Restate, exactly and without pictures, the lines from the start of the listing below through the line holding "Áo Gile Len".

** DATA FOR THIS EXERCISE **

::::::::::

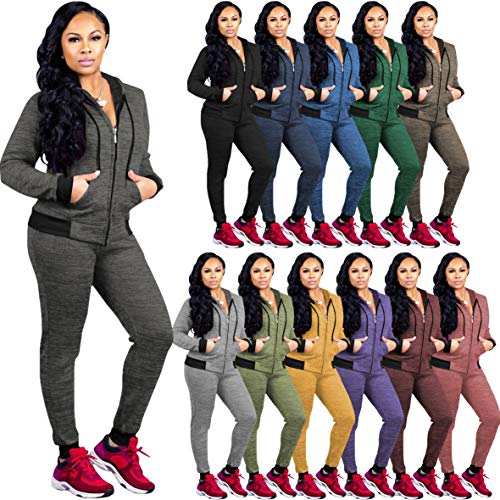 PINSV Women 2 Piece Jogging Outfits Joggers Hoodies Sweatsuits Sets Winter Workout Track Suits Green M - Thumbnail 4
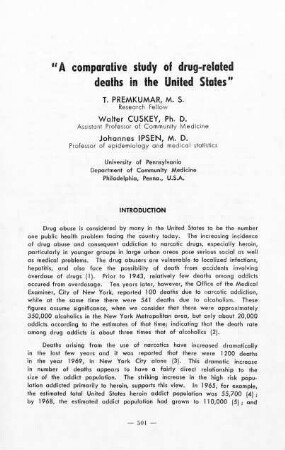 501-527, A comparative study of drug-related deaths in the United States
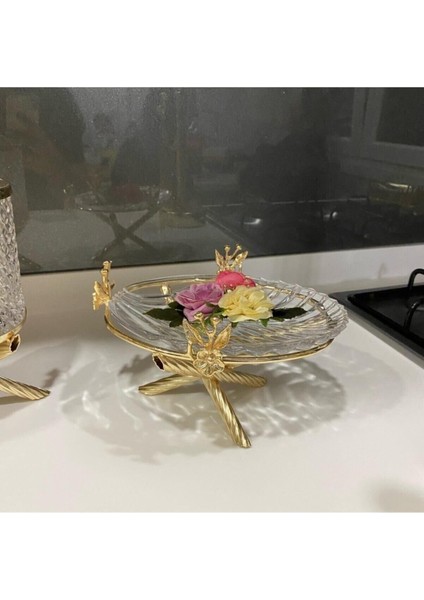 Luxury 3 Lü Gold Set 1 Adet Rulo Peçetelik 1 Adet 1 Adet Tabaklı Sunumluk ve 3lü Kavanoz Seti 1 Adet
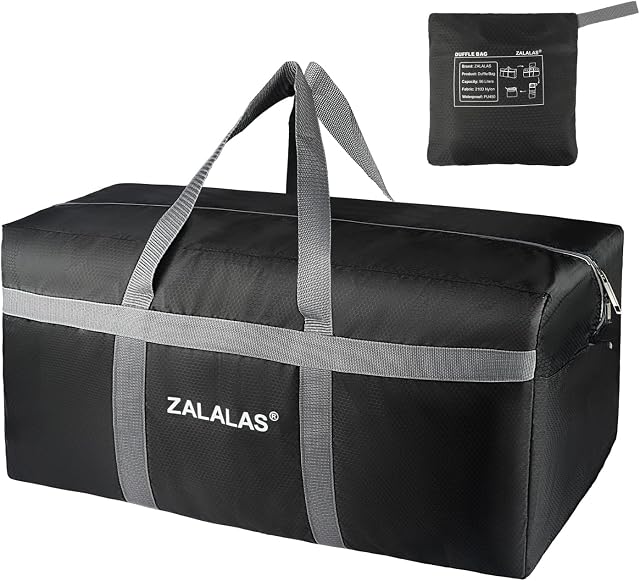 ZALALAS Travel Duffle Bag, 96L Foldable Extra Large Holdall Bag Lightweight Duffel Bag for Men Women Water-Proof &Tear Resistant,Black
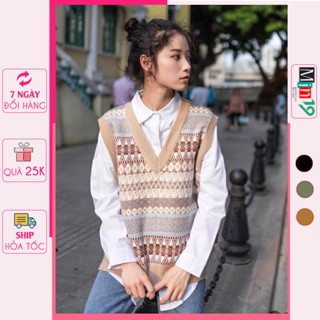 Áo Gile Len Nữ MIN19 Gile Len Nữ Hàn Quốc Bigsize Form Rộng Kiểu Cổ Tim Cá Tính Dệt Thổ Cẩm Kiểu Dáng Thời TrangVintage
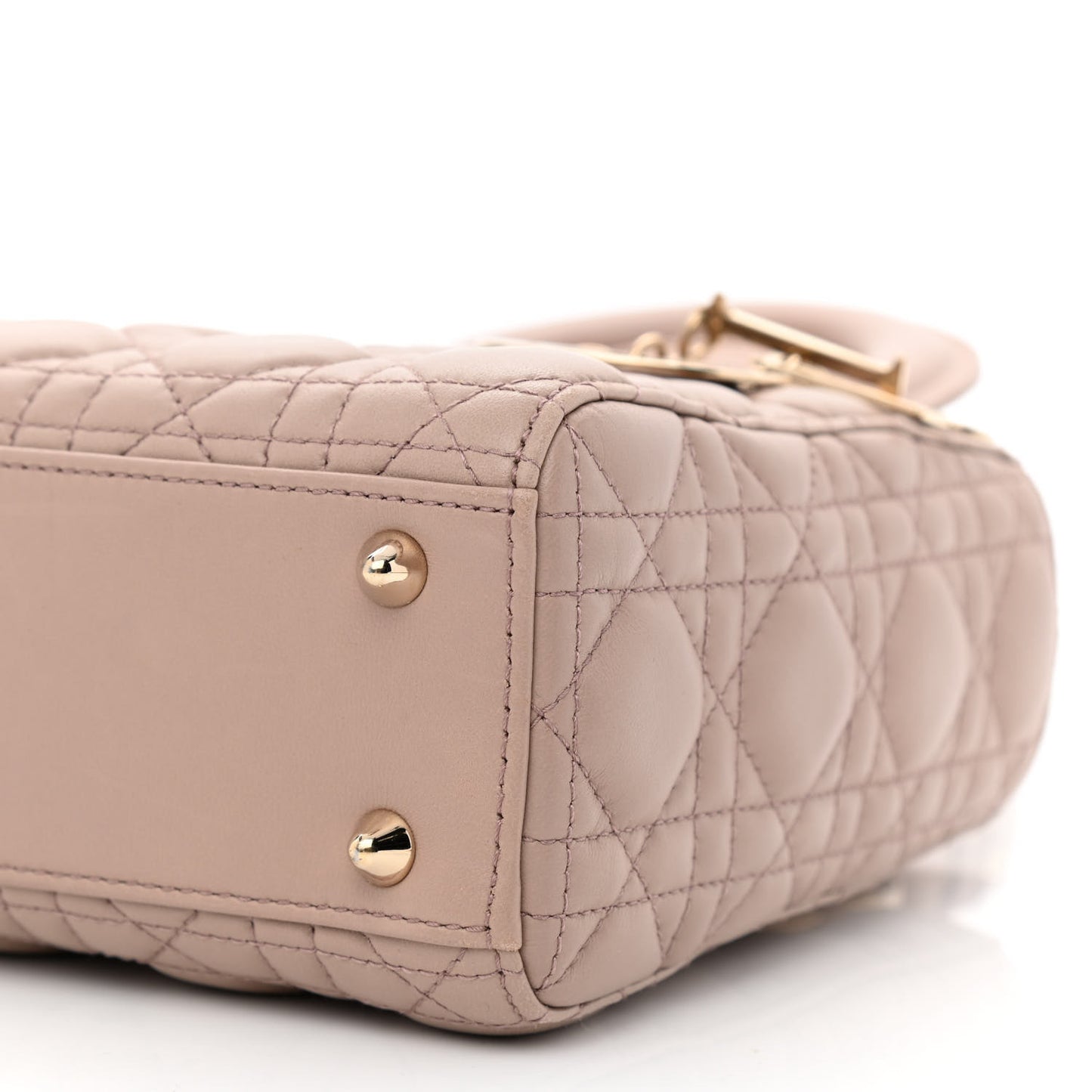 Lambskin Cannage Small Lucky Badges My Lady Dior Taupe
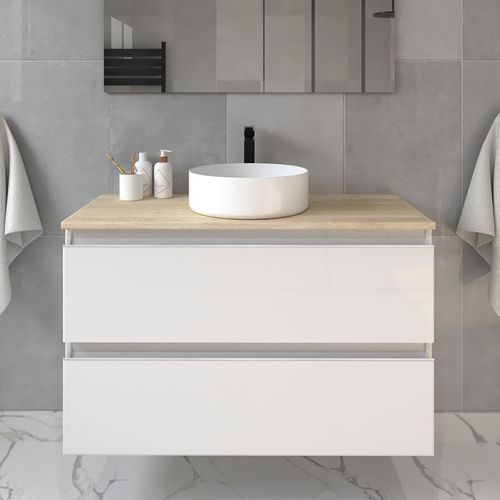 Meuble De Salle De Bain Sans Miroir Avec Vasque Ronde Balea - Blanc - 70cm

::::::::::

** COMPLETED EXERCISE **
 PINSV Women 2 Piece Jogging Outfits Joggers Hoodies Sweatsuits Sets Winter Workout Track Suits Green M - Thumbnail 4
 501-527, A comparative study of drug-related deaths in the United States
 Luxury 3 Lü Gold Set 1 Adet Rulo Peçetelik 1 Adet 1 Adet Tabaklı Sunumluk ve 3lü Kavanoz Seti 1 Adet
 ZALALAS Travel Duffle Bag, 96L Foldable Extra Large Holdall Bag Lightweight Duffel Bag for Men Women Water-Proof &Tear Resistant,Black
 Áo Gile Len Nữ MIN19 Gile Len Nữ Hàn Quốc Bigsize Form Rộng Kiểu Cổ Tim Cá Tính Dệt Thổ Cẩm Kiểu Dáng Thời TrangVintage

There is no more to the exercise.